To the editor:

Senator Mitch McConnell and the Republican Party have abandoned free enterprise to gin up the culture wars.

In 2010, Republicans celebrated Citizens United because the Supreme Court held that unlimited corporate political donations constituted free speech. Republicans love free speech.

Maybe not so much anymore. While the party still welcomes the gobs of money Big Business pours into its coffers, it now wants to limit how far corporations go in exercising this political speech thing. When Georgia Republicans passed a voting rights bill, they asserted that it was to “instill confidence in the integrity of the voting system.” That was a lie. The bill sought to suppress minority voting and to perpetuate the Big Lie that the recent election was stolen from Donald Trump. When Georgia-based Coca Cola and Delta Airlines opposed the bill, Senator McConnell was furious. He warned corporate CEOs “not to take sides” and to “stay out of politics” because “you don’t know what you are doing.”
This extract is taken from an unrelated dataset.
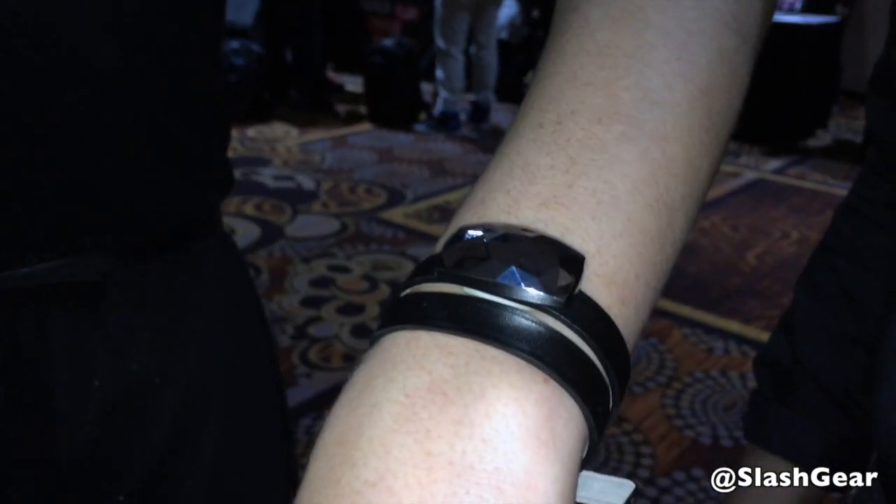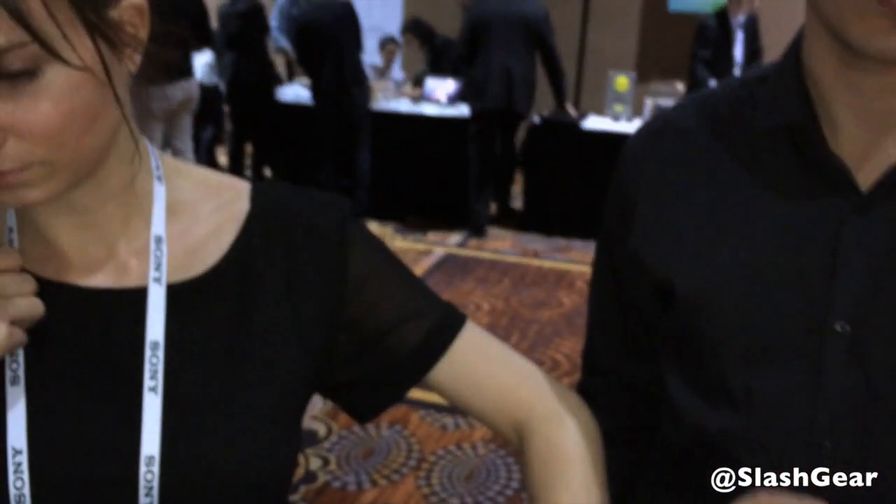This is a new product from Netatmo. It's called Joom, and it's the very first bracelet of its kind that measures UV — both UVA and UVB — and allows you to make better skin choices.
We have a capitalist economy. A corporation exists to satisfy its shareholders by making money. A corporation not selling its products or services to the minority community loses money. A corporation can’t afford to alienate its customers, its employees, or its shareholders by failing to speak out on matters that are important to them. Presumed to be rational actors in a market economy, corporations will always act in their best interests.
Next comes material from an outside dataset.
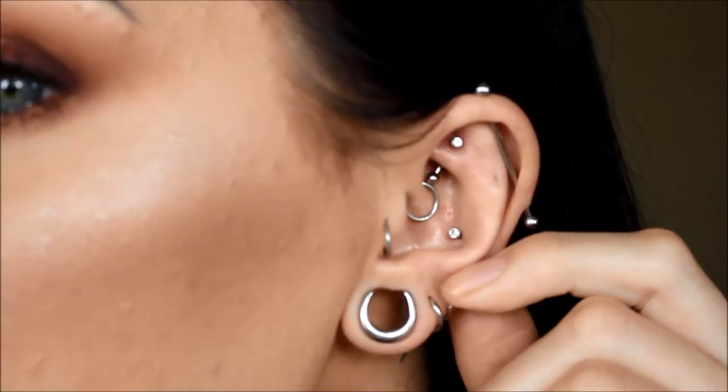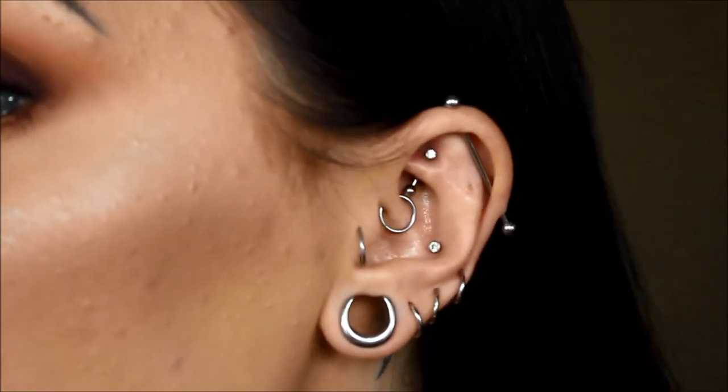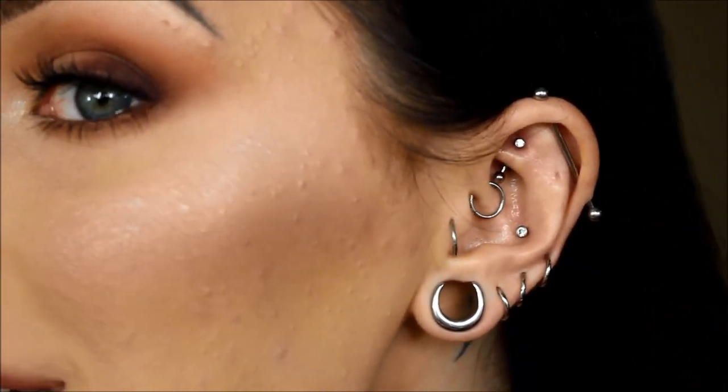Today's video is going to be a really short, quick video watching me get my rook pierced. I did already have the other side pierced and I like symmetry, so I just got this side done. I'll zoom in for you guys to show you the after. So this is what it looks like right now — it's a bit swollen and red, but overall pretty good. If you want to see me get my rook pierced, then just keep watching.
A political party that fails to “sell” its policies to the minority community ought to expect bad results on election day. But there is still a path to victory: Find a way to cancel the votes of the minority community. That’s why Republicans in Georgia and more than 40 other states are pushing hundreds of voter suppression laws. If minorities don’t vote for us, then we’re going to make it very difficult for them to vote for anybody else.

Senator McConnell, start persuading minorities to support you. Stop interfering in the free market by threatening corporations for doing what they’re supposed to do. Better yet, just stay out of the business world. You don’t know what you’re doing.